I am finally all moved-in in my new home sweet home. I am glad this whole “real-estate thing” is finally over. I decided to sell my previous condo in mid-April. By the time it was ready for sale, it was the end of May.
It was listed early June and sold on the 14th at over-asking. I was lucky to be able to buy my current home shortly after. That being said, the completion and possession dates were mid-August for both condos.
I had been living in boxes and more or less camping since the end of June. I was happy to take all my belongings out of those boxes.
Closing costs are payment for all the necessary items to conclude or “close” a real-estate deal. These fees are paid by both sellers and buyers but are different.
For the 2 transactions, I had budgeted $ 29K in closing costs….they came in at just above $ 25K. Staggering, isn’t it?
These fees creep-up very easily and add-up to big dollar amounts. They are always a surprise for most people, including myself. Here is a non-exhaustive breakdown of them:
- Realtor commission: in BC, it is usually 7% on the first $ 100K and 2.5% on the remaining balance
- Legal fees: to clear the title. The fees are lower when selling as there isn’t much involved.
- Mortgage penalty, if applicable: if you break your mortgage before term, lenders will charge you a penalty, either 3-month interest or Interest Rate Differential -IRD-
- Mortgage discharge fee, if applicable: most lenders will also charge you an administrative fee to discharge the mortgage
Upon selling, the buyer will usually reimburse you for your share of the property tax and strata fees -if you buy a condo-.
- Legal fees: these will be higher for purchasing, as more work is involved
- Property transfer tax: cash grab from most governments. In BC, the rates are: 1% on the first $200K, 2% on the remaining balance up to $ 2 millions, 3% up to $ 3 millions. If you are a first-time home-buyer and your property is under $475K, you are exempt from this tax in BC.

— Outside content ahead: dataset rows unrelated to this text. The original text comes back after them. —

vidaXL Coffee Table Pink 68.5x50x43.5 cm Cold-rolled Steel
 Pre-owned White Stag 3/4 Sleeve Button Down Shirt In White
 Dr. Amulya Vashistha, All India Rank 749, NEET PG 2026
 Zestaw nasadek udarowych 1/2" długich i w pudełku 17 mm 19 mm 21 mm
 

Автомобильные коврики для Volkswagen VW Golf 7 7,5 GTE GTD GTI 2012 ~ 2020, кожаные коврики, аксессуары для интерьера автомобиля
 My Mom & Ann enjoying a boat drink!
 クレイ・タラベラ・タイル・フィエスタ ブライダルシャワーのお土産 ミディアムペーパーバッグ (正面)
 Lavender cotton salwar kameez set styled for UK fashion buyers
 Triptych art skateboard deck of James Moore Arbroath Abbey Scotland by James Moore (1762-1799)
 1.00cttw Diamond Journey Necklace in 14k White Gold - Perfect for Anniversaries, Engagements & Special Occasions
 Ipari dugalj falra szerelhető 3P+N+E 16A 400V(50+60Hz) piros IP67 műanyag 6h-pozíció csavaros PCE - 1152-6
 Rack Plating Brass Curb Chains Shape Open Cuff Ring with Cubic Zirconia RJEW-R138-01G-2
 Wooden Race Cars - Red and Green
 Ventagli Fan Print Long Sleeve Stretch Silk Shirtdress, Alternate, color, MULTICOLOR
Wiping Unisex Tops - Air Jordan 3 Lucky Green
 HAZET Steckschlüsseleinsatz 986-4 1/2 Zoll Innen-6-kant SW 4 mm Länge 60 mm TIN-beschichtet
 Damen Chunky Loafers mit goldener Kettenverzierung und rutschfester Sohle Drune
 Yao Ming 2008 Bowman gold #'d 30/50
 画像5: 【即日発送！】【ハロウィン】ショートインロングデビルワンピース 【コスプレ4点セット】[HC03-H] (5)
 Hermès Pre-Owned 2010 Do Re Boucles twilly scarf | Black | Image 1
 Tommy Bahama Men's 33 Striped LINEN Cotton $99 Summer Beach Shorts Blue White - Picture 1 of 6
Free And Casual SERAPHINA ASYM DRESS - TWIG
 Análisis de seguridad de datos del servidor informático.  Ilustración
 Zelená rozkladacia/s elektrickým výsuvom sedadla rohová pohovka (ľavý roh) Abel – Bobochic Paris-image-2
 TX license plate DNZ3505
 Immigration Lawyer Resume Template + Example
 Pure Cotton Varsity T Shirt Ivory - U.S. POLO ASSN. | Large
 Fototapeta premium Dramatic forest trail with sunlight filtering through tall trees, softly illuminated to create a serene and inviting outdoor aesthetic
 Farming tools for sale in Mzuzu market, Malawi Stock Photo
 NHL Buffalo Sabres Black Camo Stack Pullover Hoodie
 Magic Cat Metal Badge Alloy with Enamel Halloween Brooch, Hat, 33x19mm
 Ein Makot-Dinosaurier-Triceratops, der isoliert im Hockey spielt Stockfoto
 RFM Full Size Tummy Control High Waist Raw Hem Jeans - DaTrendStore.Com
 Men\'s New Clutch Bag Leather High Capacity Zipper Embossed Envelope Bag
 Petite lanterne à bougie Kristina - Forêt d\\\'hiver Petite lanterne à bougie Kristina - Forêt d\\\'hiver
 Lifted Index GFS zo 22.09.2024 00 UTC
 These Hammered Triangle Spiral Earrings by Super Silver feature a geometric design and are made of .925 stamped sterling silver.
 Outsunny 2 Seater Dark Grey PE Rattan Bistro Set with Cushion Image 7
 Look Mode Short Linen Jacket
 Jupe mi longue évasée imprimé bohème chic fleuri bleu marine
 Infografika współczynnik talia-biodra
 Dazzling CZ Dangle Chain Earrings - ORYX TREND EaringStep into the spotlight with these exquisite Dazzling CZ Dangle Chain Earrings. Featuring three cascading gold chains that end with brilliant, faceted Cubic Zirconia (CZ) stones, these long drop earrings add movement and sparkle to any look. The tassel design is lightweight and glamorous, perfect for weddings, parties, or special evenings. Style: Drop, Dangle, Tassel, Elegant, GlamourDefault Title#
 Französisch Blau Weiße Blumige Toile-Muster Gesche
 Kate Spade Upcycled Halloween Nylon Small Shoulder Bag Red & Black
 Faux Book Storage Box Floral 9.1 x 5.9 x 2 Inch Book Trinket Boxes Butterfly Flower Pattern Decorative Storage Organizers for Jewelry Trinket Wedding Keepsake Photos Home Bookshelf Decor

- Mortgage default insurance: if you buy with less than 20% down
- Mortgage application fee: most lenders will waive this, but some will charge you an administrative fee to process your application
- Title insurance: most lenders will require this. It is to insure you are the rightful owner of the property
- Appraisal fees: if you buy a detached house, the lender will ask for an assessment of its value to insure you are not overpaying. It is less common for a condo
- Land survey: for detached houses only. A lender may require a detailed plan of the land showing property limits, easements and rights of way.
- Interest adjustment: You need to pay the interests on the mortgage for the month you close
- Other adjustments: you will most likely have to reimburse the seller for their share of the property taxes and strata fees
- Fire insurance: lenders require to be first payee in case of a fire. Insurance companies will charge a fee to prepare the applicable document
Other fees that are not included in the statement prepared by lawyers/notaries:
- Home inspection: if you can do one, that is great but it costs around $ 500.00
- Moving company: unless you have willing friends, you will need people to move your belongings to your new place
- Home insurance
- Utility hook-up & transfer: BC hydro charges $ 12.50 to transfer your account. Your cable company may also charge you fees
- Locksmith: it is probably a good idea to have the locks of your new place re-keyed
As you can see the list is pretty long! When it comes to closing costs, you are better off thinking “high” than “low”. They will always be higher than what you think.